WORK ORDER:
Transcribe only the lines in the data below falling between the line with "8 River Road Taumarunui_5" and the line with "Accesorios gaming", including those two lines, and leave out any picture.

Brief descriptive captions:
○ ○ ○ ○ ○ ○ ○

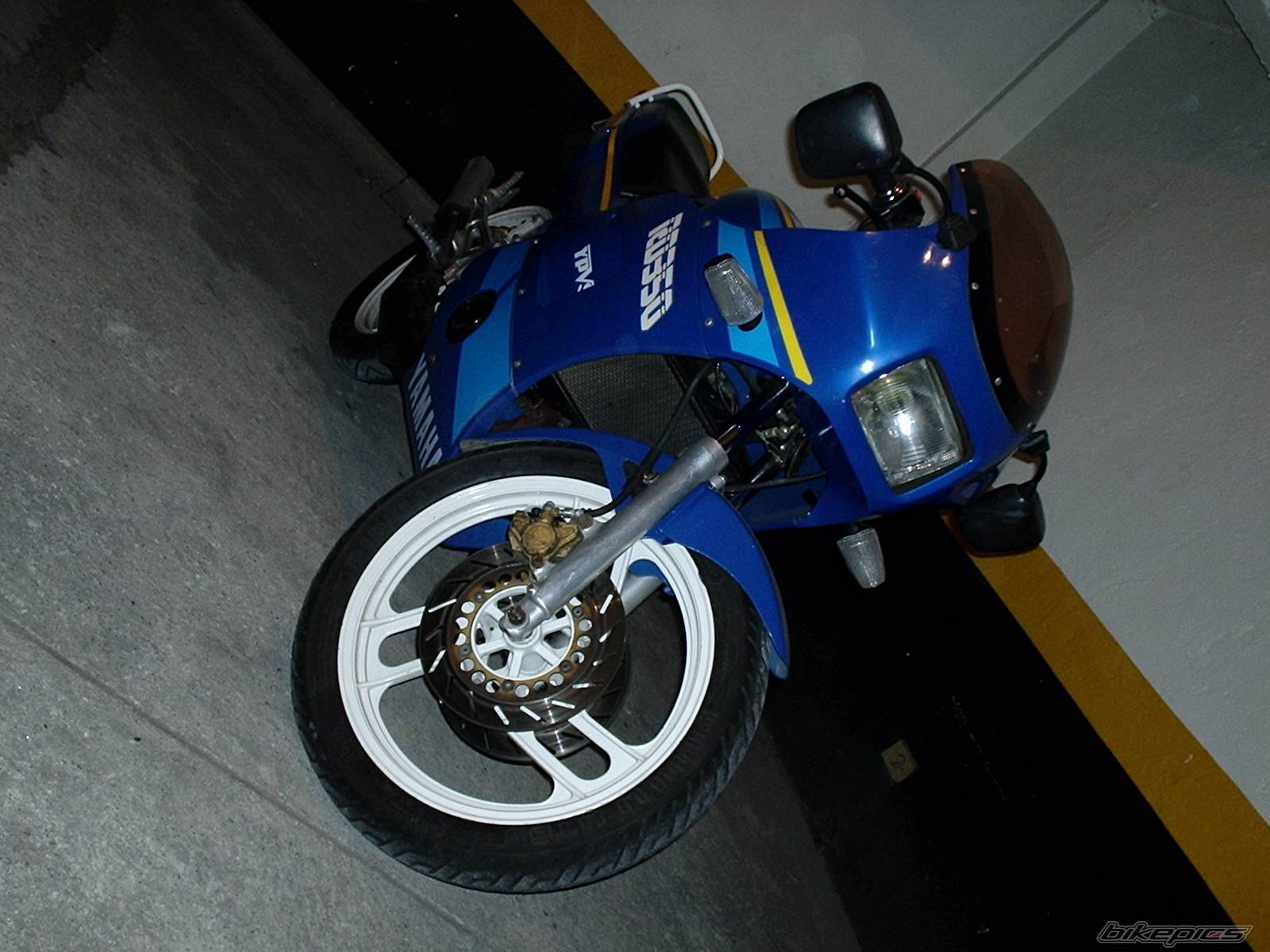 Bike Photo 293871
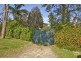 16 Park Road, Garden Suburb NSW 2289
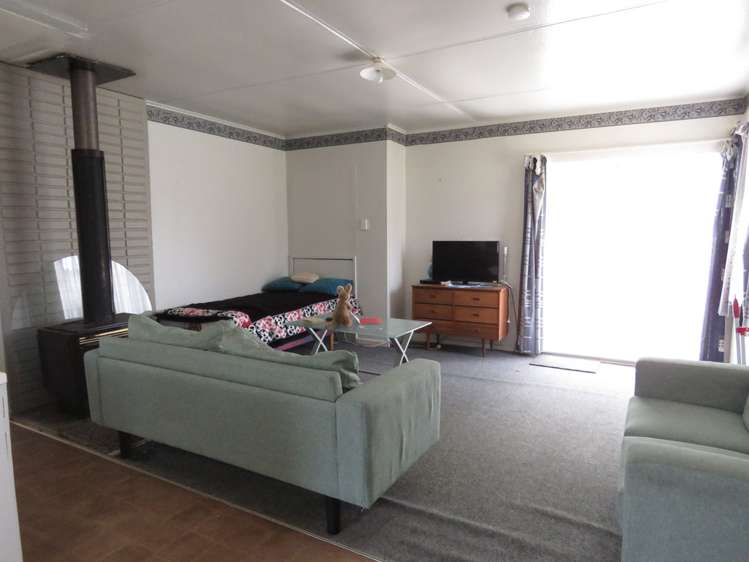 8 River Road Taumarunui_5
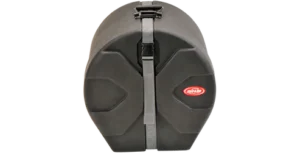 1SKB-D1416 - Image 2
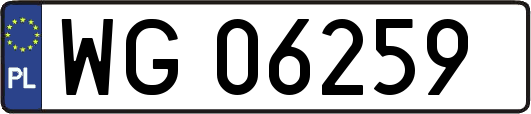 WG06259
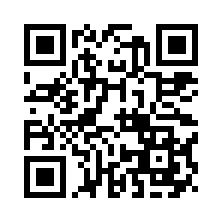 QR Code for 3KJWQcdcRUfvNPyjtwz2sJtPBPLLFnen48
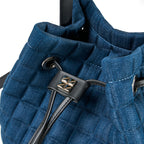 CANNES-DENIM-3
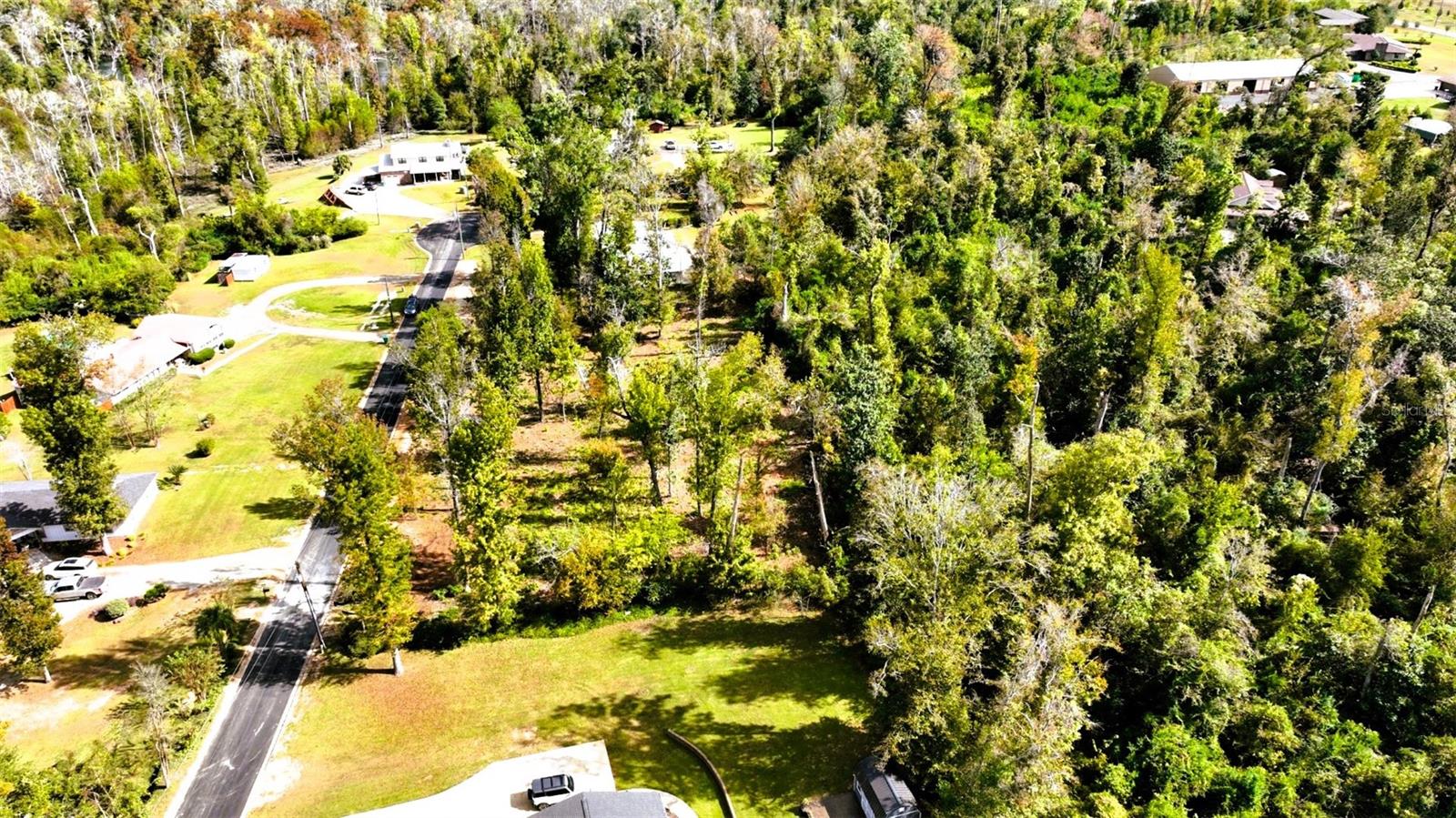 Angela Dr Property Photo 8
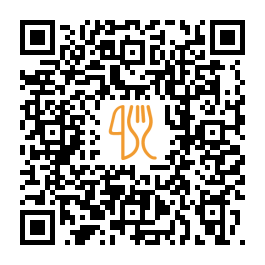 QR-code link para o menu de Hamdi Baba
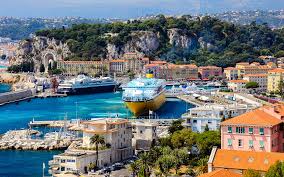 Check spelling or type a new query. VacanÈ›Äƒ Ca In Filme Pe Coasta De Azur Blog Ultramarin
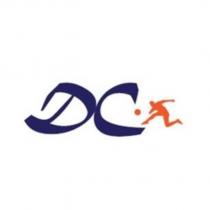 DC 及圖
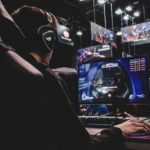 Accesorios gaming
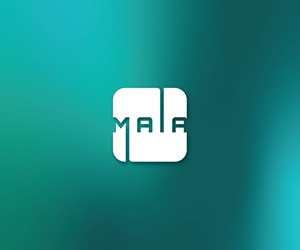 Diseño de Logo por Ansh Design para este proyecto | Diseño: #30714303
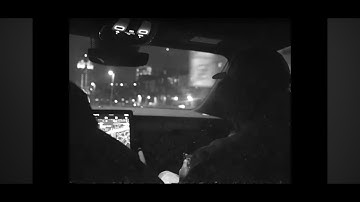 Birdboyzizi - 2AM In Den Haag (Official music video)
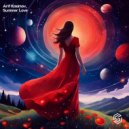 Arif Kasimov - Summer Love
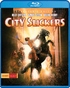 City Slickers (Blu-ray Movie)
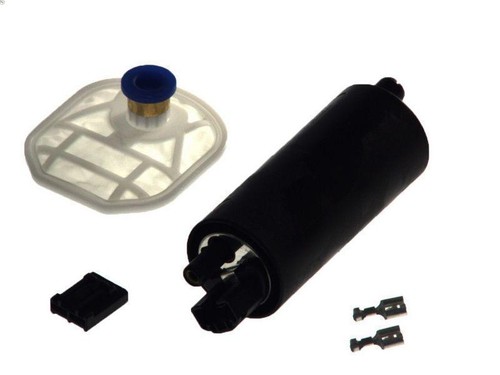 Pompa carburante per bosch - per, 580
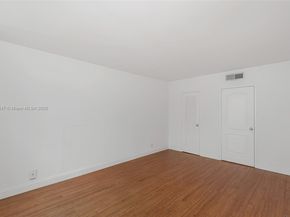 1200 West Ave 1531, Miami Beach FL 33139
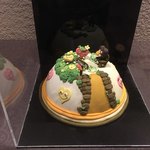 ホテルウエルシーズン浜名湖 - 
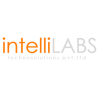 intelliLABS Techno Solutions Pvt. Ltd. logo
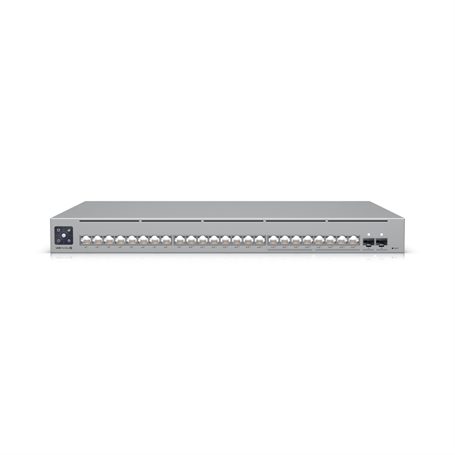 USW-Pro-Max-24-PoE -  - 0810084692714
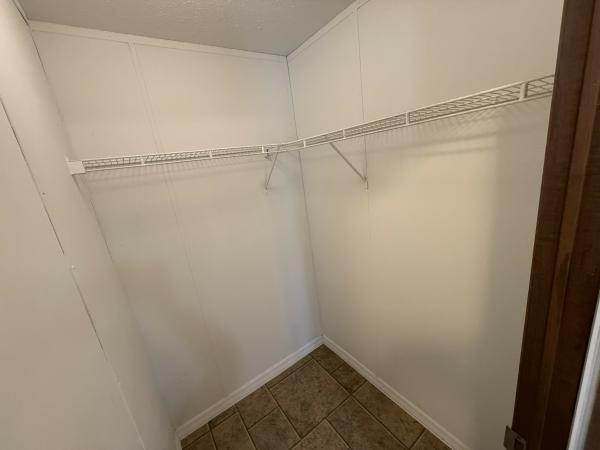 2009 Clayton 38HRZ28403EH10 Mobile Home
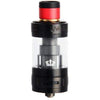 Buy bulk wholesale Uwell Crown 3 Tank Black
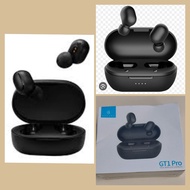 🈹️MI 小米真無線藍牙耳機 GT1 Pro；MI Xiaomi True Wireless Earbuds GT1 Pro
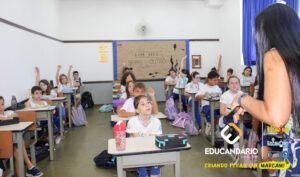 Dengue - 4 ano - Manhã-18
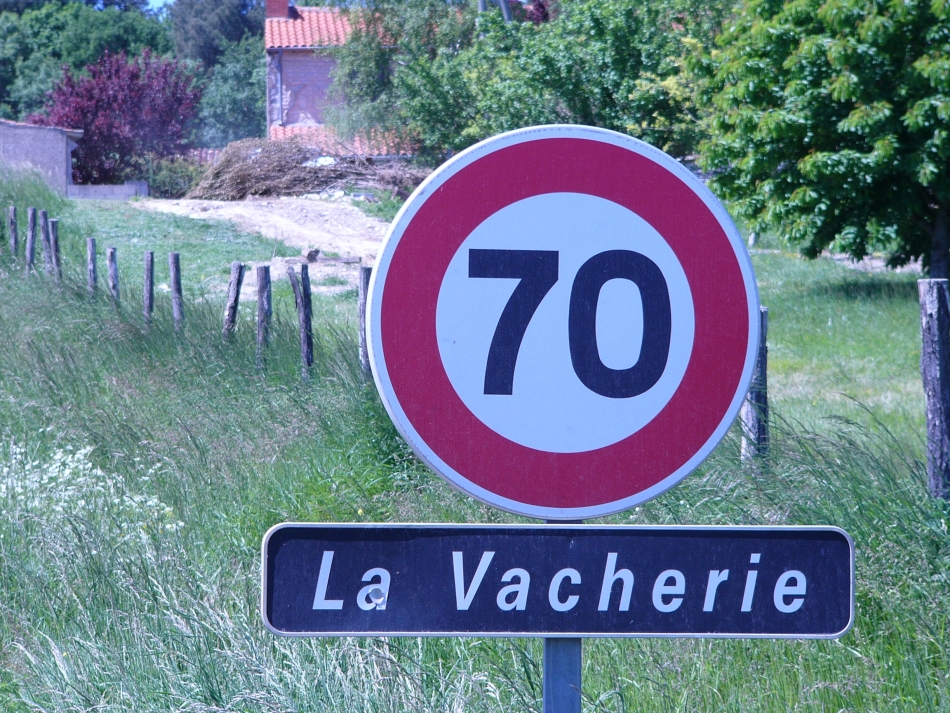 La Vacherie.JPG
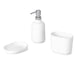 NSIMG-SHA256:952d68035d16ee0e9efad5cf221fad9b547a18e2e34d2f039b0d8580ce1dbb25 · Isalbi Umbra Step Soap Pump 385ml White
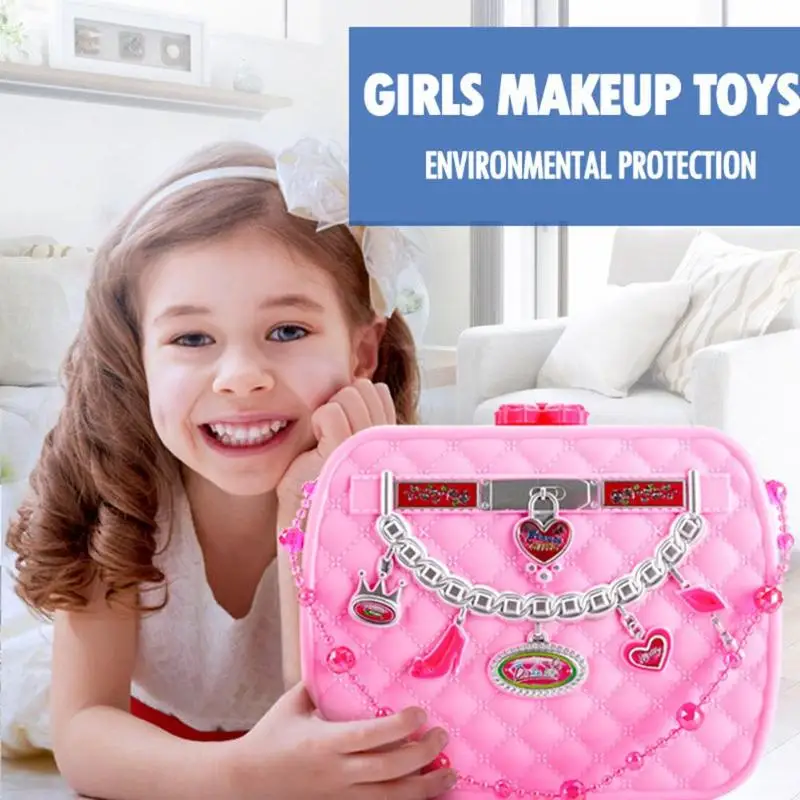 all toys for girls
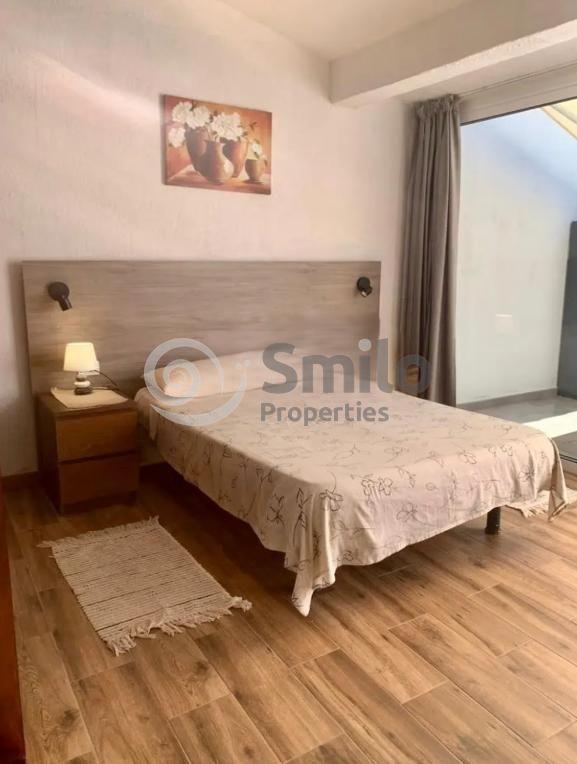 Studio for Sale in Adeje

○ ○ ○ ○ ○ ○ ○

ANSWER SPACE:
 8 River Road Taumarunui_5
 1SKB-D1416 - Image 2
 WG06259
 QR Code for 3KJWQcdcRUfvNPyjtwz2sJtPBPLLFnen48
 CANNES-DENIM-3
 Angela Dr Property Photo 8
 QR-code link para o menu de Hamdi Baba
 Check spelling or type a new query. VacanÈ›Äƒ Ca In Filme Pe Coasta De Azur Blog Ultramarin
 DC 及圖
 Accesorios gaming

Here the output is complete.